This week, 1.1 million members of Unison received their ballot papers asking them if they supported strike action in the event of the Government remaining fixed in their position that public service employees must pay more towards their pension, work further years before drawing their pension, and finally receive a smaller pension than had been previously promised. The Government’s argument for this unwholesome menu is that the cost of public pensions is going through the roof, people are living longer so that postponing the age of retirement is inevitable, and anyway Labour left the economy in a terrible mess so that everyone has to grin and bear it whilst taking swingeing cuts. Each of these arguments is is nuts.
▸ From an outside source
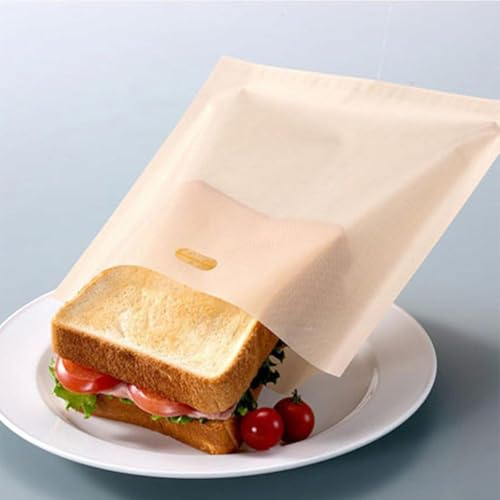 10 Count Sandwich Cooking Bags, Reusable Non and Heat Resistant Toaster Bags (16x16.5cm)
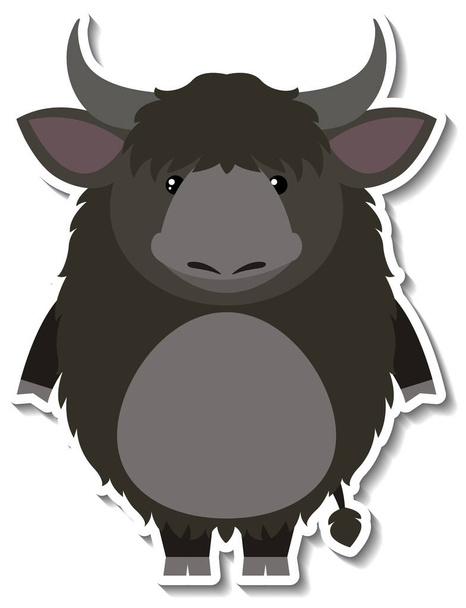 Chubby yak állat rajzfilm matrica illusztráció - Vektor, kép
First, so far from public pension costs expanding out of control, they are actually falling.   Even the Hutton report, set up by the ToryGovernment under a New Labour stooge expected to make their case for them, admitted that the costs of public pensions as a proportion of GDP would fall from 1.9% now to just 1.4% by 2050. Second, it is true that longevity is gradually increasing and therefore it might be thought reasonable for people to delay their retirement a little and pay a bit more into their pensions towards a longer period of pensionable retirement. However, what the Government didn’t say was that not a penny of the extra revenues generated by their proposals, £2.8bn a year, would go towards enlarging their pension funds. It will all go entirely to the Treasury to reduce the deficit.

Third, contrary to the canard by which the Tory tabloids have spectacularly put across the Big Lie that we’re all in it together having to pay back after Labour left such a mess, the truth is we’re not all in it together over pensions (private pensions are being excluded), Labour did not leave an almighty mess (national debt was below 3% of GDP in 2007 and only rose to 11.6% after the bank bailouts), and public pensions are anything but gold-plated (the average pension of women in the local government pension scheme is a measly £2,800 a year, just £140 a week, after a life time of contributions).
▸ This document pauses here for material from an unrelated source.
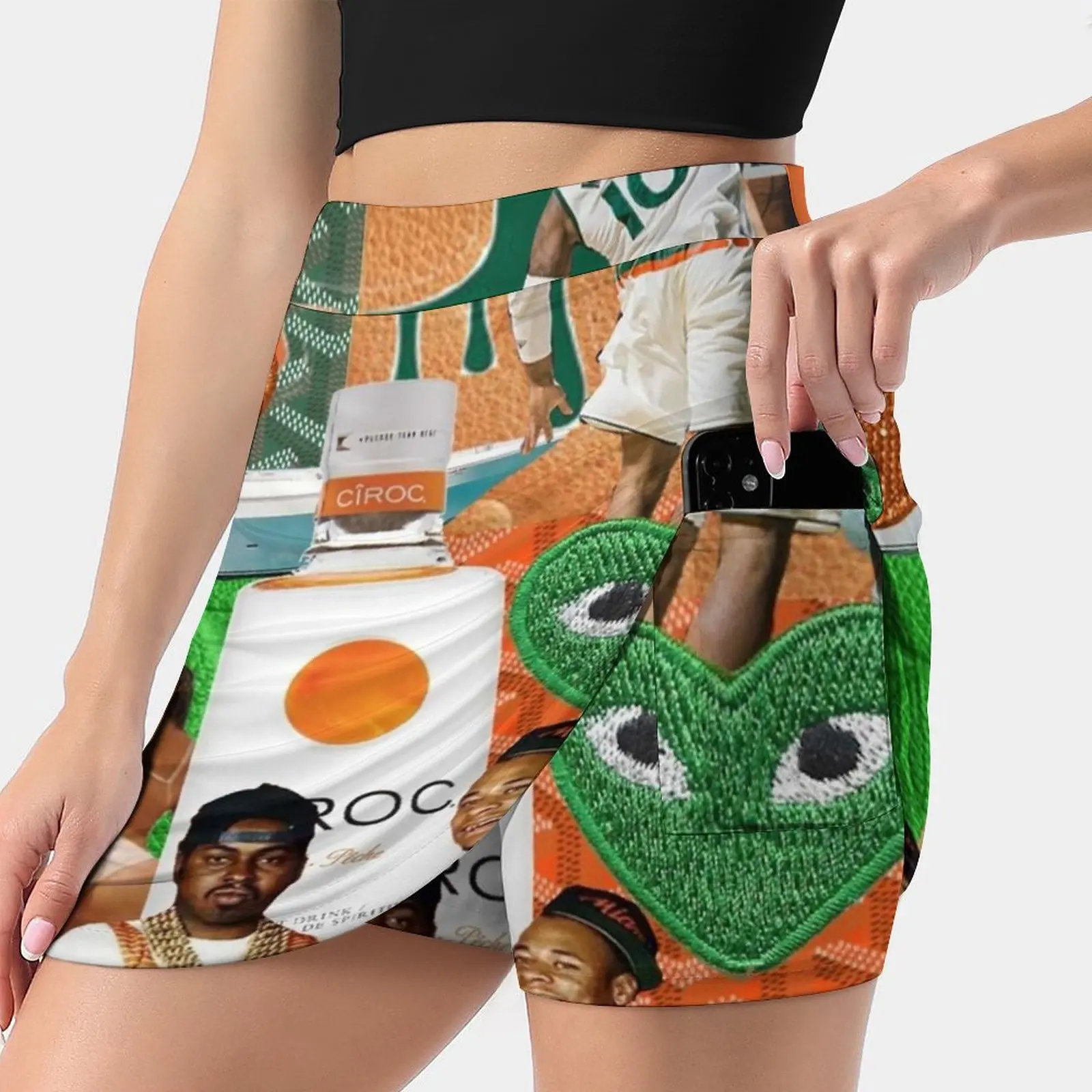 

Женская юбка с принтом Umiami Y2K, летняя одежда 2022, юбка-брюки в стиле Kpop с карманами, Университет Майами, Университет Майами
There is no rationale for this massive raid on public pensions at all. If any attack on pensions is justified, it would be the iniquitous tax breaks showered on the richest people in the country in the private sector. No less than £20bn subsidy is granted each year in tax relief for private pensions, two-thirds of it (some £14bn a year) frittered away on the richest tenth of the population on higher rate tax, the rich and the ultra-rich who need it least or rather not at all.